**PROBLEM REQUIREMENTS**
For this exercise, print all of the entries exactly as given.

Scraped caption text data:

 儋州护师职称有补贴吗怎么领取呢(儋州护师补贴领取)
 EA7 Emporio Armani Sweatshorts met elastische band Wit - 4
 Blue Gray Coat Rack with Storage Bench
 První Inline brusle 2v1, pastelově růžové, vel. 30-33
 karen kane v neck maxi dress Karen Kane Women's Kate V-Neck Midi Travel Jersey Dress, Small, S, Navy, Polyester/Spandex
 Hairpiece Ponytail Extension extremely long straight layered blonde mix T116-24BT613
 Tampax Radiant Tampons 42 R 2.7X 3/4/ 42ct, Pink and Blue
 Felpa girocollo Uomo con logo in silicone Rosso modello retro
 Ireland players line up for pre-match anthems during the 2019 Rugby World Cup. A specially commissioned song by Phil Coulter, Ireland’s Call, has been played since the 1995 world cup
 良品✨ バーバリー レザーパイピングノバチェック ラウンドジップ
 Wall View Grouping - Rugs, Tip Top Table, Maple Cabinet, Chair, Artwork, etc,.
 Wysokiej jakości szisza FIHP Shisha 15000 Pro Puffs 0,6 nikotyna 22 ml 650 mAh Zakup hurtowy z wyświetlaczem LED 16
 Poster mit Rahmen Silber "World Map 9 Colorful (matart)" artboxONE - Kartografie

**REPLY**
 儋州护师职称有补贴吗怎么领取呢(儋州护师补贴领取)
 EA7 Emporio Armani Sweatshorts met elastische band Wit - 4
 Blue Gray Coat Rack with Storage Bench
 První Inline brusle 2v1, pastelově růžové, vel. 30-33
 karen kane v neck maxi dress Karen Kane Women's Kate V-Neck Midi Travel Jersey Dress, Small, S, Navy, Polyester/Spandex
 Hairpiece Ponytail Extension extremely long straight layered blonde mix T116-24BT613
 Tampax Radiant Tampons 42 R 2.7X 3/4/ 42ct, Pink and Blue
 Felpa girocollo Uomo con logo in silicone Rosso modello retro
 Ireland players line up for pre-match anthems during the 2019 Rugby World Cup. A specially commissioned song by Phil Coulter, Ireland’s Call, has been played since the 1995 world cup
 良品✨ バーバリー レザーパイピングノバチェック ラウンドジップ
 Wall View Grouping - Rugs, Tip Top Table, Maple Cabinet, Chair, Artwork, etc,.
 Wysokiej jakości szisza FIHP Shisha 15000 Pro Puffs 0,6 nikotyna 22 ml 650 mAh Zakup hurtowy z wyświetlaczem LED 16
 Poster mit Rahmen Silber "World Map 9 Colorful (matart)" artboxONE - Kartografie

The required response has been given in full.